Regia di Helmut Käutner vedi scheda film
Gli ultimi giorni di vita di un oppositore del nazismo, che per ventura era generale dell'aviazione militare...
Helmut Käutner è davvero un regista degno di nota, e il suo nome brilla anche perché nel suo paese sfasciato dalla guerra era uno dei pochissimi registi ad essersi imposti come autori. Doveva essere un uomo molto preciso e sicuro di sé, a giudicare dalla cura che si ravvisa nei suoi film. Detto a margine, non era alto di statura, era magrolino, e aveva l'aspetto di un tipetto insignificante. Ciò si può vedere da alcune sue partecipazioni come attore alla serie “Derrick” dei primi anni, della quale diresse un episodio e interpretò, molto bene tra l'altro, il personaggio di uomo fallito e disilluso. Lo stesso aveva fatto nella serie “Der Kommissar”, che fu la “madre” di “Derrick”. Vista la poca notorietà di Käutner nel nostro paese, forse questa premessa era necessaria.
Questo “Il Generale del Diavolo” è certamente un film lontano da quelli partoriti da Hollywood: niente magniloquenza, niente retorica, e per buona parte del film l'impianto è teatrale, come lo è l'origine della pellicola, mentre l'azione negli esterni non è molta. Cionondimeno, la forza drammatica è ben presente, e a poco a poco si compone il ritratto di quest'uomo, all'inizio incerto, che poi assume però contorni sempre più netti. Pur essendo generale dell'aviazione tedesca – siamo nella parte finale della guerra, quando le cose iniziano a mettersi male per la Germania – egli, dentro di sé, non è nazista. Forse lo è stato, ma ora nutre una crescente repulsione verso il regime di Hitler e l'ideologia relativa, che lo portano pure a nascondere in casa propria degli ebrei. Il suo astio per il nazismo cresce, finché esce allo scoperto, pur sicuro di andare incontro in tal modo a morte certa. Soprattutto nella parte finale, vediamo come il protagonista si scontri con i suoi colleghi proprio in materia ideologica: egli ormai ha capito che la Germania è sprofondata nella follia, mentre quelli sono ancora convinti della giustezza di quelle idee e delle future glorie che li attendono.
La pellicola è percorsa da una palpabile tensione narrativa, perché la vicenda è continuamente interrotta e sospinta da telefonate urgenti, ordini e contrordini, convocazioni, arresti, partenze improvvise.
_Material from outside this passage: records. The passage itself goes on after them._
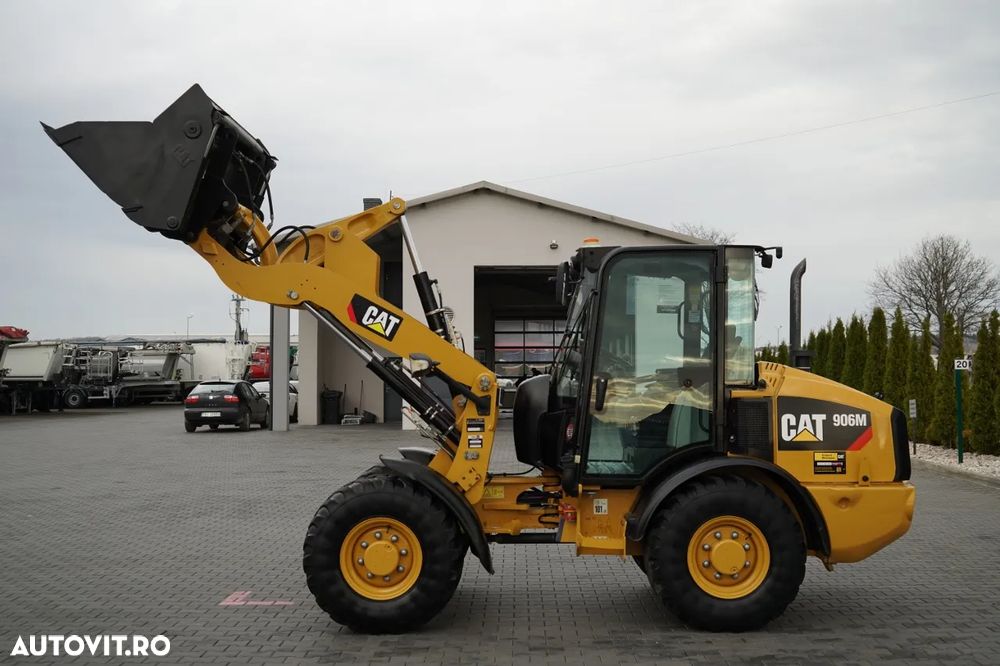 Cat 906M / ÎNCĂRCĂTOR PE ROȚI / 2019 / CUPĂ CU FALCI / - 3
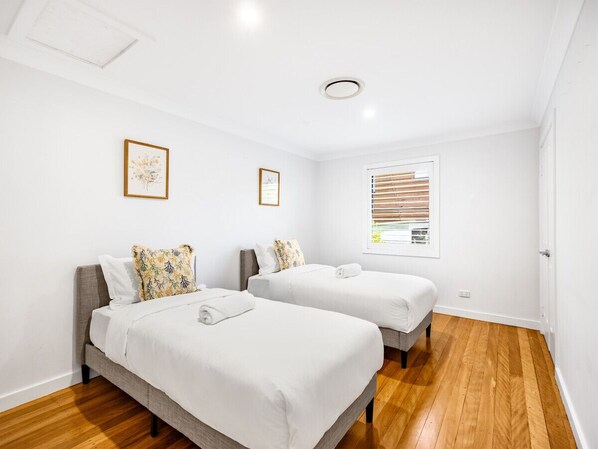 4 Schlafzimmer, Schreibtisch, Bügeleisen/Bügelbrett, Reisekinderbett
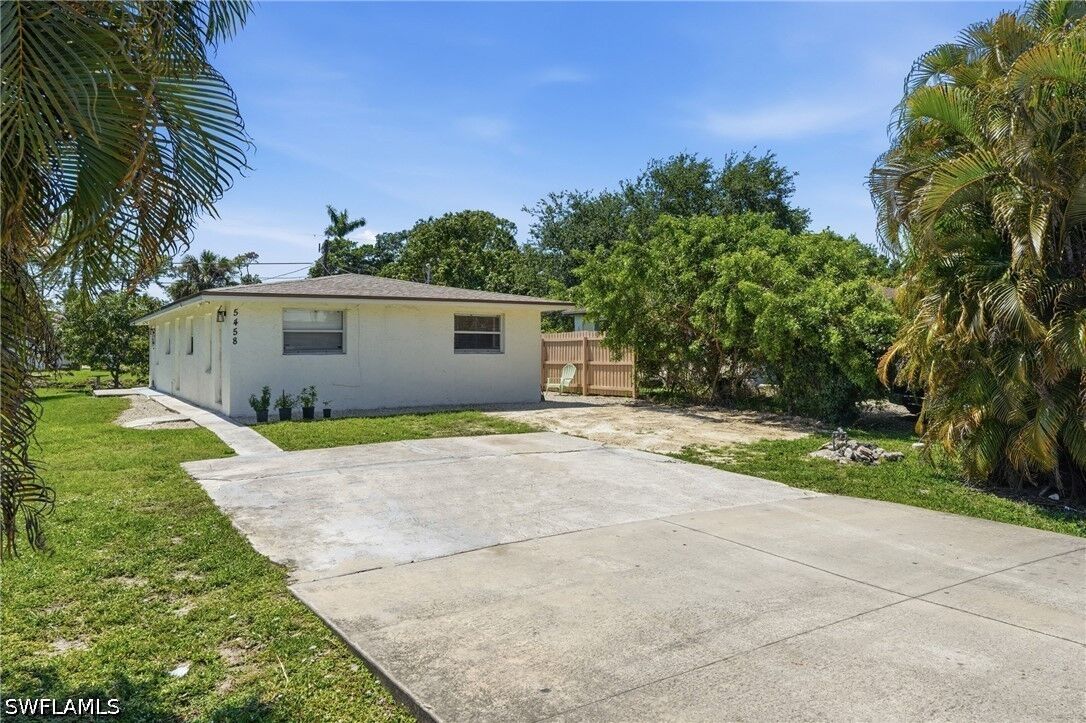 Property Photo:  5458 Sholtz Street  FL 34113 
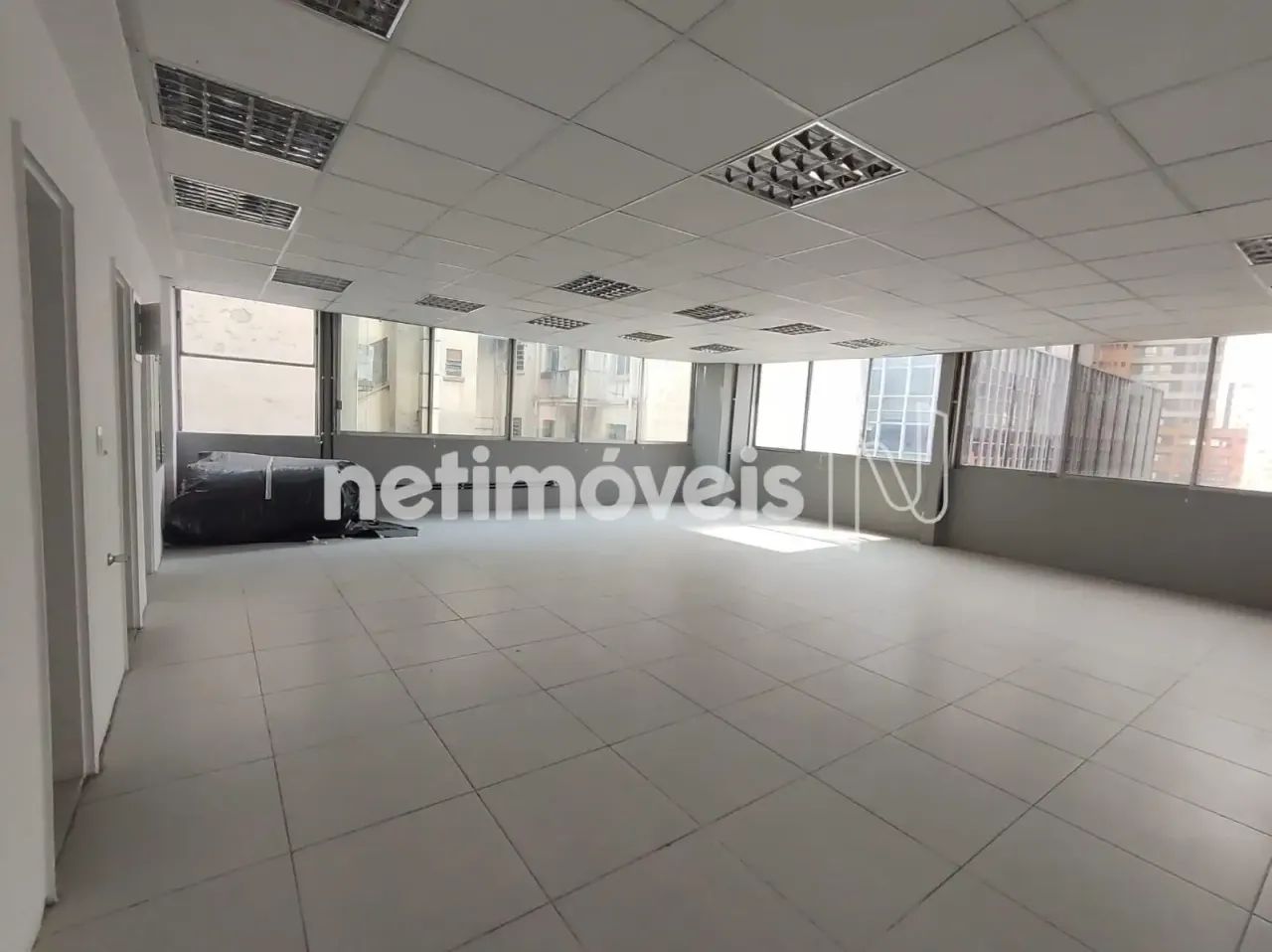 Conjunto Sala Comercial Locação República | 121m²; | 2 Salas | Edifício Galeria R. Monteir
Motu in fine velocior: la Germania stava perdendo la guerra e la catena di comando delle forze armate era percorsa da nervosismo e ansia, mentre ancora credevano di poter evitare l'inevitabile.
Ben interpretato dagli attori, e diretto con precisione dal regista (anche coautore della sceneggiatura), è un film che richiede un po' di sforzo per essere seguito, ma che poi avvince e ci fa partecipare emotivamente. Esso ci fa anche vedere come ogni singolo che abbia capito che la massa si sta sbagliando, abbia il dovere morale di opporsi e non collaborare, anche a prezzo di gravi conseguenze.
Sarà un caso, ma i pochi film tedeschi del dopoguerra che si guadagnano qualche spazietto di notte sulla TV italiana sono opere triviali: perché non rispolverare queste, invece?